Well, my personal view - on the basis of a whole 11 weeks' membership of the forums - is that people reply to off-topic posts for many of the reasons they reply to on-topic posts: they find the subject fascinating, they feel empathy (or maybe antipathy!) for the poster, they feel they have something to contribute.... And it is sometimes hard to remember what the original question was if the debate has swirled round a bit! 

That said, I do appreciate the reason for the off-topic rule. 

Respect and gratitude to all mods for keeping us unruly foreros in line

Loob


----------



## elroy

Loob said:


> [...] they find the subject fascinating, they feel empathy for the poster, they feel they have something to contribute.... And it is sometimes hard to remember what the original question was if the debate has swirled round a bit!


 I think you've hit the nail on the head.

I remember that back in my non-mod days I didn't pay a whole lot of attention to whether a particular post was on- or off-topic, mostly because - and this is not something I am proud of! - I figured if a post was off-topic the mods would deal with it, so I didn't worry about it too much.

Because it wasn't my personal responsibility (at least not officially) to make sure that a thread did not wander off-topic, I simply read through threads and commented whenever I felt I should - regardless of whether the post I was responding to was a digression from the original question.  This meant that occasionally I responded to off-topic comments.
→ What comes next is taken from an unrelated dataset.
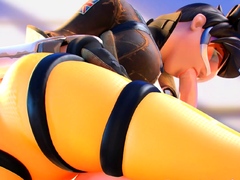 This Cute Tracer with Big Nice Butt Likes a Huge Dick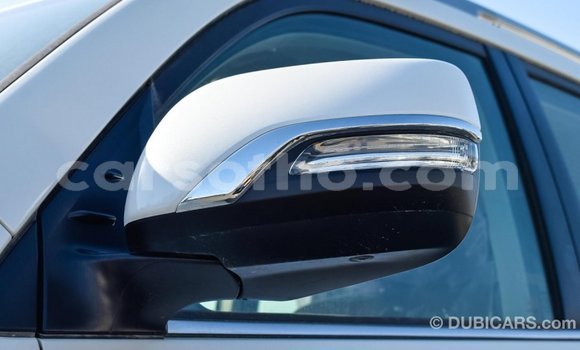 Sayi Imported Toyota Land Cruiser White Mota in Import - Dubai a Maseru Sayi Imported Toyota Land Cruiser White Mota in Import - Dubai a Maseru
Obviously, since being a moderator things have become different, and having experienced both roles I strongly exhort all of our members not to behave as I did before I was a mod - the more you all police yourselves, the easier it makes our job!


----------



## danielfranco

Although the following comment is redolent of self-justification and rationalization, like so many other comments I've made before (and, indeed, read in these forums, also), I believe a few of us unfortunately have minds that seem to have a short attention span and will take the opportunity to make a comment to any reference, no matter how oblique, to whatever seems to surface in the muddy swirl of my (our?) undisciplined trains of thoughts (is this a correct double plural?).
We ought to know better.


----------



## .   1

danielfranco said:


> Although the following comment is redolent of self-justification and rationalization, like so many other comments I've made before (and, indeed, read in these forums, also), I believe a few of us unfortunately have minds that seem to have a short attention span and will take the opportunity to make a comment to any reference, no matter how oblique, to whatever seems to surface in the muddy swirl of my (our?) undisciplined trains of thoughts (is this a correct double plural?).
> We ought to know better.


Some people just veer off on a bit of a side issue while remaining relatively true to the intent of the thread.  This is wonderful and well allowed by most moderators and we can all learn.I often don't really know why I ask some questions.
I have a vague idea but it is not until the conversation has progressed and someone proffered a different view that I begin to understand my own question.
You need no justification.
You stick pretty close to the script.

.,,


----------



## panjabigator

I'd say people reply to an off topic post not with the intention of going off topic but to say something that they view as important.  Sure, it (perhaps) disrupts the continuity of a thread but it many times is somewhat relevant.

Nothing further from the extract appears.